--- TASK INPUT ---
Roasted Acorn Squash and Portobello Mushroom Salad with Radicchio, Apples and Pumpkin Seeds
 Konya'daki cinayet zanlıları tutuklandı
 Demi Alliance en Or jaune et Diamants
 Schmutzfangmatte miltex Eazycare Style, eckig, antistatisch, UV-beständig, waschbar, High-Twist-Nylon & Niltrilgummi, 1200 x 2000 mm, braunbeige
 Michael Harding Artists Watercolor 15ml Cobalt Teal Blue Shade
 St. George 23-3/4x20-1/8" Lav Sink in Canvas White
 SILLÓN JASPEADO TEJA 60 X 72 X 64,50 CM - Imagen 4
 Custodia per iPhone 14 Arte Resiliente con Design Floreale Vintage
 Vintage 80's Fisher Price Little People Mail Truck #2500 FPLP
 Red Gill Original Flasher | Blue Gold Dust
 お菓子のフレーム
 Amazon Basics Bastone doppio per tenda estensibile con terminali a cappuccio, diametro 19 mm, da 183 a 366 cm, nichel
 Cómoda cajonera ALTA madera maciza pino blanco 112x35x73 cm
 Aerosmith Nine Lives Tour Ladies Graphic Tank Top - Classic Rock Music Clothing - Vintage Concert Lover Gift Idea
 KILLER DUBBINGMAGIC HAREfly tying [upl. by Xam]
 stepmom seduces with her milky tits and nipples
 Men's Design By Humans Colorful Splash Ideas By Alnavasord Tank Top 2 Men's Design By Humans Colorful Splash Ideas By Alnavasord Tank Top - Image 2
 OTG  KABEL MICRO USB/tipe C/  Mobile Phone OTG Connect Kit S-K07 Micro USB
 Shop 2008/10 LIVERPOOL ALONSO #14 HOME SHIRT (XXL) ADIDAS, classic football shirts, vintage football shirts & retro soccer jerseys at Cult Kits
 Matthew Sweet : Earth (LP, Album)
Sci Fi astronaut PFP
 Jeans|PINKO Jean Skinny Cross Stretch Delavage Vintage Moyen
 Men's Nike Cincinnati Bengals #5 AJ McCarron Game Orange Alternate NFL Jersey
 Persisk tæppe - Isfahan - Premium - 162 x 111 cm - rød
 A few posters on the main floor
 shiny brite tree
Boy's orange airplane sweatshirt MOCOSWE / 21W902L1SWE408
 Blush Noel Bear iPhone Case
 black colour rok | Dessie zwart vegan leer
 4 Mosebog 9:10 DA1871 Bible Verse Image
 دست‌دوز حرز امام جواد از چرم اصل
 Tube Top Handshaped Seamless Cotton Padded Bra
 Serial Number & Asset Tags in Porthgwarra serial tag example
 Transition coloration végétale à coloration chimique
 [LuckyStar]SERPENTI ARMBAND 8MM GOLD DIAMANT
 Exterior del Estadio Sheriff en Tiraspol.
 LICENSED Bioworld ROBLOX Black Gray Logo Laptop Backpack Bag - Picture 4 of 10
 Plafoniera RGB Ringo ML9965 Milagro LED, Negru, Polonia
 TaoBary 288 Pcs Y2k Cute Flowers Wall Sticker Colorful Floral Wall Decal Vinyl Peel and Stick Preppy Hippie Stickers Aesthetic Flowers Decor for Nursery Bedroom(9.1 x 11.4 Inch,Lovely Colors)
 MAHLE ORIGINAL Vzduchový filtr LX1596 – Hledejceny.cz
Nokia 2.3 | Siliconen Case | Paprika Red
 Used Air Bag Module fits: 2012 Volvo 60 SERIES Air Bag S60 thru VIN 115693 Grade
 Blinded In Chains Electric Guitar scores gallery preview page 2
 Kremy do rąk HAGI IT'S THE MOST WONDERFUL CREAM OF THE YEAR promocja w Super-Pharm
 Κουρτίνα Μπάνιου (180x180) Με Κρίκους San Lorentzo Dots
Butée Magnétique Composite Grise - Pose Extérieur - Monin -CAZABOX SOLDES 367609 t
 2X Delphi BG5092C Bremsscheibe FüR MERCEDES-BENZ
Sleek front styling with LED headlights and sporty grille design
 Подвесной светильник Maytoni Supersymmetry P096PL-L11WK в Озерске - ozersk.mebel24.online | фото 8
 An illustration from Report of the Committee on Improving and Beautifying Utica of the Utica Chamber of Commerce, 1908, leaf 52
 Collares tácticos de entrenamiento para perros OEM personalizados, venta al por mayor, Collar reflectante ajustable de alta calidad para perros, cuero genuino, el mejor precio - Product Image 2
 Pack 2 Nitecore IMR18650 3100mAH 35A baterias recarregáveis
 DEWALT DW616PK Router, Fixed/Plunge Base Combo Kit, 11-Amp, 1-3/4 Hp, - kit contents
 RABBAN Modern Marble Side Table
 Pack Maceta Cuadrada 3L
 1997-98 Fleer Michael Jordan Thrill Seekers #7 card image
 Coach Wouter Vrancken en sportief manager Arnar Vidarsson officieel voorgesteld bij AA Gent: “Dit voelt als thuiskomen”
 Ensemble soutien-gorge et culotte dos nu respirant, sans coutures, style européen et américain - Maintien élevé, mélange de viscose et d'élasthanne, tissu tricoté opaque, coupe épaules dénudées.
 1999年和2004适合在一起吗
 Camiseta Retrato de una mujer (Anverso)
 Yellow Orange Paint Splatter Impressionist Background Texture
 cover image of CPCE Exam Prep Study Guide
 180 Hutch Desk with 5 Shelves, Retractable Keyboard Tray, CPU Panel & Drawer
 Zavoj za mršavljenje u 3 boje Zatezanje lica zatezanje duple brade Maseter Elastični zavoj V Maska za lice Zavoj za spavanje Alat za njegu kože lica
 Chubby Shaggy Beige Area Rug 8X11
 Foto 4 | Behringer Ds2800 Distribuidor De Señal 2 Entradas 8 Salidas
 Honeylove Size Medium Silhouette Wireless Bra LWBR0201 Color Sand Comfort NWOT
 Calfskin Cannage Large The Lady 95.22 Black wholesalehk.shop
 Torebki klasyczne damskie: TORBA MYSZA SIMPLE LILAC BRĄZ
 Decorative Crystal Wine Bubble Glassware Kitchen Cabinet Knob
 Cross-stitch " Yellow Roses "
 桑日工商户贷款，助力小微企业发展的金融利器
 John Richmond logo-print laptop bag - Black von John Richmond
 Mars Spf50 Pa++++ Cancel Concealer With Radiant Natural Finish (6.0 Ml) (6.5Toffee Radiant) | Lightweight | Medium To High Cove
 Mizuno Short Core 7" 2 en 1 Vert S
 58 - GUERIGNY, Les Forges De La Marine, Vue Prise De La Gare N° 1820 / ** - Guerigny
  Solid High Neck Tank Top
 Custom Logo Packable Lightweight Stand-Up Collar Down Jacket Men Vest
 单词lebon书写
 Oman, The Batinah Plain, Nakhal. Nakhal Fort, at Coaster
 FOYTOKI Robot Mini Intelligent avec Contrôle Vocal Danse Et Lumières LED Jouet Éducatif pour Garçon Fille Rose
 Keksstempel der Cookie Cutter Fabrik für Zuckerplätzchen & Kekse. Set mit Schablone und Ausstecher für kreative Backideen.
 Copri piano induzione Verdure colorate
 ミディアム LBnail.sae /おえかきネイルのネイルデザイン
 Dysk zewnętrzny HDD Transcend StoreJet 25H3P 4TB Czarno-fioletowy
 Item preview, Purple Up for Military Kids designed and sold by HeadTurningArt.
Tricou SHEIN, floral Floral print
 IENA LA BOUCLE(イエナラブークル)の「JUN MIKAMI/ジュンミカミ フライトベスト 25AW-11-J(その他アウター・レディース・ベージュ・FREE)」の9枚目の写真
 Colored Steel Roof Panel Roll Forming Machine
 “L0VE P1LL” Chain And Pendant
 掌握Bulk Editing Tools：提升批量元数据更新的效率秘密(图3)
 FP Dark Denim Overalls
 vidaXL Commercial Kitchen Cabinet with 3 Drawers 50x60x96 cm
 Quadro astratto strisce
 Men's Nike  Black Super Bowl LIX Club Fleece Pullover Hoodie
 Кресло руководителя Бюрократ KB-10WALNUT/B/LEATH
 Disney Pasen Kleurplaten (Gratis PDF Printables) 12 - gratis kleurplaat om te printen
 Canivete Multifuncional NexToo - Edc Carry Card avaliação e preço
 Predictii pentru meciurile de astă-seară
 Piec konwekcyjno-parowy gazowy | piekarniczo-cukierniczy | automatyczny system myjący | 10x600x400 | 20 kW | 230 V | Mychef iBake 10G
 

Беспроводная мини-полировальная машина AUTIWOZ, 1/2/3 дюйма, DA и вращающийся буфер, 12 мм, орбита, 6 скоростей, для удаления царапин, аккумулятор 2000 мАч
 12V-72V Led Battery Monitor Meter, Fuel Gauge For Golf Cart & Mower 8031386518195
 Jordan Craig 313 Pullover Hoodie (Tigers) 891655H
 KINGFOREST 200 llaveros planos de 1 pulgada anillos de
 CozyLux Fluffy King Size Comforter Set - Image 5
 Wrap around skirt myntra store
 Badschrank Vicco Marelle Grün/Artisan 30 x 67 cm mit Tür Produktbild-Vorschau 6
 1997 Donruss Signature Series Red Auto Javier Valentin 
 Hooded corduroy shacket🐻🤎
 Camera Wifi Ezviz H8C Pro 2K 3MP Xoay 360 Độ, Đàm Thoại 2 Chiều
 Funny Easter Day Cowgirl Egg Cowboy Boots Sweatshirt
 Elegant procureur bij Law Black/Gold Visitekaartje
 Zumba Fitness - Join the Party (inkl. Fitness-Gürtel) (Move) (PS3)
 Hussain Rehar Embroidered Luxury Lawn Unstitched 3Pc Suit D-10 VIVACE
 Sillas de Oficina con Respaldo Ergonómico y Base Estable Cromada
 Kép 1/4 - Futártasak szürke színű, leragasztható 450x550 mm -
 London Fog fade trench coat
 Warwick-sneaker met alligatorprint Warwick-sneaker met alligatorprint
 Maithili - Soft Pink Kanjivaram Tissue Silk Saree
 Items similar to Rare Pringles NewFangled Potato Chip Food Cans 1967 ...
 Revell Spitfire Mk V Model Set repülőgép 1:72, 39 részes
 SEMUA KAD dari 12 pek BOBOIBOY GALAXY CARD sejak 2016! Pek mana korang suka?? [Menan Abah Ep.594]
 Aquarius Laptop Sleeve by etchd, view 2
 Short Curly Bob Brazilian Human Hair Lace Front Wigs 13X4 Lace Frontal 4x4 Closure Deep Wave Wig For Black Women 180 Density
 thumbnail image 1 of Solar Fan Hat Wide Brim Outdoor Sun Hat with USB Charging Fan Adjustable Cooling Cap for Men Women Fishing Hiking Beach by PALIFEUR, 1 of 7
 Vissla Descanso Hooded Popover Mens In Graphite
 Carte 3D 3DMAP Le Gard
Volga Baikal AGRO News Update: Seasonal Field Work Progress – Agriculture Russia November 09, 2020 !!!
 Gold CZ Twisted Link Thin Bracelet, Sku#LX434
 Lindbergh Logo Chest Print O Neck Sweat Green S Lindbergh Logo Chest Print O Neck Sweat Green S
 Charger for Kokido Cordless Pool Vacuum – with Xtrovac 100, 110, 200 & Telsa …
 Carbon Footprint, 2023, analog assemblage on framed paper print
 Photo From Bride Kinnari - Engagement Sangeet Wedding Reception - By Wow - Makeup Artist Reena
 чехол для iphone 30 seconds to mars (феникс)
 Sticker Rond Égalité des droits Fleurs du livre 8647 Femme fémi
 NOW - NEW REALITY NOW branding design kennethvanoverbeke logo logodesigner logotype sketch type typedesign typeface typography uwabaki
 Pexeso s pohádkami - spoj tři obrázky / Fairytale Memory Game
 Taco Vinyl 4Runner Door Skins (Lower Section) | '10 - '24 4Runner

--- ACTIVITY ---
Using the entries shown above, reproduce verbatim the lines from the line bearing "Pack Maceta Cuadrada 3L" to the line bearing "Zavoj za mršavljenje", inclusive.

--- WRITTEN RESPONSE ---
 Pack Maceta Cuadrada 3L
 1997-98 Fleer Michael Jordan Thrill Seekers #7 card image
 Coach Wouter Vrancken en sportief manager Arnar Vidarsson officieel voorgesteld bij AA Gent: “Dit voelt als thuiskomen”
 Ensemble soutien-gorge et culotte dos nu respirant, sans coutures, style européen et américain - Maintien élevé, mélange de viscose et d'élasthanne, tissu tricoté opaque, coupe épaules dénudées.
 1999年和2004适合在一起吗
 Camiseta Retrato de una mujer (Anverso)
 Yellow Orange Paint Splatter Impressionist Background Texture
 cover image of CPCE Exam Prep Study Guide
 180 Hutch Desk with 5 Shelves, Retractable Keyboard Tray, CPU Panel & Drawer
 Zavoj za mršavljenje u 3 boje Zatezanje lica zatezanje duple brade Maseter Elastični zavoj V Maska za lice Zavoj za spavanje Alat za njegu kože lica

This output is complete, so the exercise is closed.